I was hooked from the first spoonful. How had I gone without this all these years? How could I have never known the most wonderful ice cream of all? I wasn't the only one who had that reaction -- my friend said it was so good she polished off her pint in one sitting (being a hoarder, I allowed myself to eat only a bit at a time, so that it would last).

The problem was, Olympic Mountain, a gourmet ice cream, could not be bought at the local grocery store. The only way to get their ice cream was by going to restaurants that served it, or by random happenstance as had happened to me. And they didn't have a Web site! It took me some time and determination, but I finally found a phone number for them. I called and convinced them to let me buy a gallon of their pumpkin ice cream. They were located a couple of hours from me, but I told them that I would meet their delivery truck at one of the restaurants it was delivering to -- and I did. I did this twice, so enamored was I of their pumpkin ice cream (which I could not find anywhere else).

Little did I know there was a little gem called Theno's Dairy right down Redmond-Woodinville Road, that serves fresh and natural gourmet ice cream. The other day I set off for home after work, and I had seen that the freeways were horrendous. I turned on my GPS, told it to avoid highways, and followed its instructions. About 5 miles later, surrounded by farmland (or at least it looked it to me), I saw a low-tech sign announcing that pumpkin ice cream was now available. Intrigued, I turned into the parking lot. The place was a bit dilapidated, but the ice cream looked good and there were other patrons that trickled in and out at a steady stream. After some consideration I grabbed one of their pre-packed half gallons of pumpkin ice cream -- it was only $6.99 so was worth the risk even if it turned out to be imitation flavored dreck.

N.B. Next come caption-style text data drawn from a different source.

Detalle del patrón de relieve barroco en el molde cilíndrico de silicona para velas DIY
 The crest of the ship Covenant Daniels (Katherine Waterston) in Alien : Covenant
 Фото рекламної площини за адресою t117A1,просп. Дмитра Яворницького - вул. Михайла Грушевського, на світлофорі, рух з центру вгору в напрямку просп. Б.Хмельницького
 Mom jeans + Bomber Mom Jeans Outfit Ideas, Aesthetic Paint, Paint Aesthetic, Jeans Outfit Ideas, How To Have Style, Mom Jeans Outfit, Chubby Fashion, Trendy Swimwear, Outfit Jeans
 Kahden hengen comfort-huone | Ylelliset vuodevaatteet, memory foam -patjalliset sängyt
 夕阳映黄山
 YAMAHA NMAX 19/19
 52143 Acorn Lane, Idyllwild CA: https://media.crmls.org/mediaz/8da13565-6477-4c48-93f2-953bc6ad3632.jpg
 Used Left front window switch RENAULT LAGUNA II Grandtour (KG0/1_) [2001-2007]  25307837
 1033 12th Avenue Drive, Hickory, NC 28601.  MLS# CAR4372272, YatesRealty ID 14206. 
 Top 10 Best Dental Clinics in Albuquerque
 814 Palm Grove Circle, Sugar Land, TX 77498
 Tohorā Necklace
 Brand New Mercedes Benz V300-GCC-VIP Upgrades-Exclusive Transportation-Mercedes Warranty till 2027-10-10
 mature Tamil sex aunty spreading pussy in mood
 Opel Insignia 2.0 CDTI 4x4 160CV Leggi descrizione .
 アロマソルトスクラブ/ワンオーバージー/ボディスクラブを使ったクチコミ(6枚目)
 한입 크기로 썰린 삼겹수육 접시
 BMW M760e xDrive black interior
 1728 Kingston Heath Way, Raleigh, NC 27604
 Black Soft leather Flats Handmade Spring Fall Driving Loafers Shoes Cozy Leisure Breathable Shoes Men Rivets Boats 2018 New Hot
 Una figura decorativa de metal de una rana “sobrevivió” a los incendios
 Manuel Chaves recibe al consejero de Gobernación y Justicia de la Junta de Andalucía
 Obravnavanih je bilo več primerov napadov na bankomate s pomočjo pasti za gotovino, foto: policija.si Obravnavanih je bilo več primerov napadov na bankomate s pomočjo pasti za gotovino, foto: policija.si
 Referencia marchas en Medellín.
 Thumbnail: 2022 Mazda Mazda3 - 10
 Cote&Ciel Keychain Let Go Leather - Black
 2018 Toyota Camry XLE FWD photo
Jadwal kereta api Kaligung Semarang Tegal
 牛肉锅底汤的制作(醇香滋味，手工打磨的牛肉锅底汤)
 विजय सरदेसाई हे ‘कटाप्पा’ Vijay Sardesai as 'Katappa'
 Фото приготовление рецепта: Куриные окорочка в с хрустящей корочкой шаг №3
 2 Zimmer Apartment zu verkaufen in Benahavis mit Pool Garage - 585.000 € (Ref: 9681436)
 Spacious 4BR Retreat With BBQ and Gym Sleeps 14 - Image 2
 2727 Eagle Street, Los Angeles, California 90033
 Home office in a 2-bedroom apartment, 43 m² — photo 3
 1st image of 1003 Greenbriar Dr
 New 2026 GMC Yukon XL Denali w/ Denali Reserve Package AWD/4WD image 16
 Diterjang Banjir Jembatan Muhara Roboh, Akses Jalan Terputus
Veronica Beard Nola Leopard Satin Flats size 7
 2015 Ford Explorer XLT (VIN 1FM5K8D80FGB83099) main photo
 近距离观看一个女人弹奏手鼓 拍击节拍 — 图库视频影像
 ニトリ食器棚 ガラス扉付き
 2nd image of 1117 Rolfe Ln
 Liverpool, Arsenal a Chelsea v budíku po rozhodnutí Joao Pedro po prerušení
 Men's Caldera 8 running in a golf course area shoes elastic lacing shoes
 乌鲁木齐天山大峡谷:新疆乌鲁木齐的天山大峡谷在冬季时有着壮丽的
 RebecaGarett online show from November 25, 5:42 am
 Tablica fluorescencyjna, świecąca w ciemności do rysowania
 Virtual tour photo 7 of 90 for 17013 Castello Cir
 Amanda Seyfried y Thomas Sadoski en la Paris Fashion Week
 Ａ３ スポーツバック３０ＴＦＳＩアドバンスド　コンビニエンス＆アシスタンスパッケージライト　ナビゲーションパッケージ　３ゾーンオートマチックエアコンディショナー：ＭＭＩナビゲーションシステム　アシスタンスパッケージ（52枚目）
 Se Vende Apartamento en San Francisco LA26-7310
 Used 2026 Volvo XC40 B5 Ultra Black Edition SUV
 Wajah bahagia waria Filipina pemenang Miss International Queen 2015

The only problem with Theno's is that it's closer to my work place than my home, and given that it's ice cream, distance matters. It was a bit melted when I finally got home, but not terribly so. I carved out a couple of scoops, and tasted it.


Here was an ice cream that rivaled Olympic Mountain's pumpkin, and it was so much more attainable! The ice cream had a richness of flavor that I found unusual, and appealing.

Thank you, Theno's. Now I don't have to be the weird girl who stalks ice cream delivery trucks to restaurants.